How to use this calculator
- Select the input mode based on how your specification is documented.
- Enter the nominal target and deviations, or directly enter LSL and USL.
- Add the measured value for the inspected part or sample.
- Optionally enter process mean, sigma, guard band, and measurement uncertainty.
- Submit the form to view specification status, acceptance result, margins, and capability indicators.
- Download the result as CSV or PDF for traceability and reporting.
Frequently asked questions
1. What is a tolerance zone?
A tolerance zone is the full acceptable range between the lower and upper specification limits. Any measured value inside that range meets the dimensional requirement, subject to your acceptance policy.
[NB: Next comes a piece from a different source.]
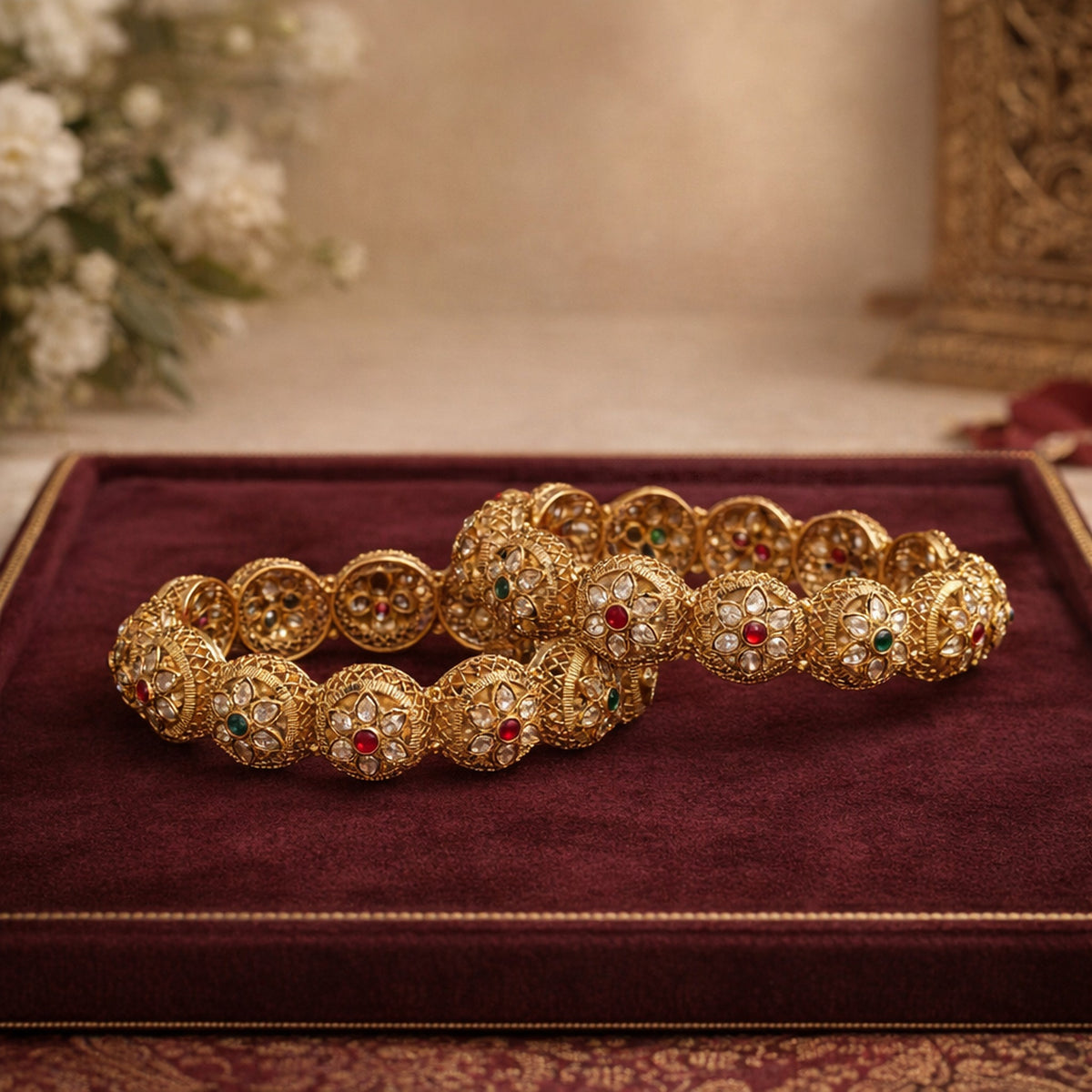Saanvi Kundan Jaali Bangles (Pair) – view 03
2. Why are guard bands useful?
Guard bands shrink the acceptance window to reduce false accept decisions. They are helpful when measurement uncertainty exists and you need extra protection near the specification boundaries.
3. What does tolerance used mean?
Tolerance used shows how much of the available side tolerance the current measurement consumes. A higher percentage means the value is closer to the relevant specification limit.
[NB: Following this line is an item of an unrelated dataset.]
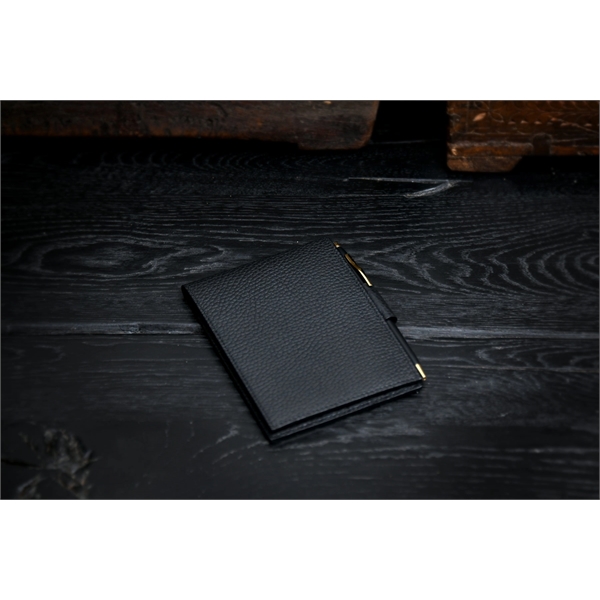 Pebble Calf Leather Pocket-Size Jotter Tablet - Onyx Black - Pebble Calf Leather Pocket-Size Jotter Tablet - Onyx Black - Image 1 of 2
4. When should I use direct limits mode?
Use direct limits mode when drawings, control plans, or customer specifications already list LSL and USL. This avoids converting from nominal and deviations manually.
5. What is the difference between Cp and Cpk?
Cp measures potential capability using total spread only. Cpk also considers how centered the process mean is within the tolerance zone, making it more realistic.
6. Can this calculator handle asymmetric tolerances?
Yes. You can enter different upper and lower deviations around the nominal target. The tool then builds the correct asymmetric zone and evaluates the measured value against it.
7. What does estimated out-of-spec rate mean?
It is the predicted defective rate in parts per million, based on an assumed normal distribution using the process mean and sigma values you entered.
8. Should I enter one measurement or a process mean?
Enter the actual measurement to judge a single part. Add process mean and sigma when you also want process capability and defect-rate estimates for ongoing production.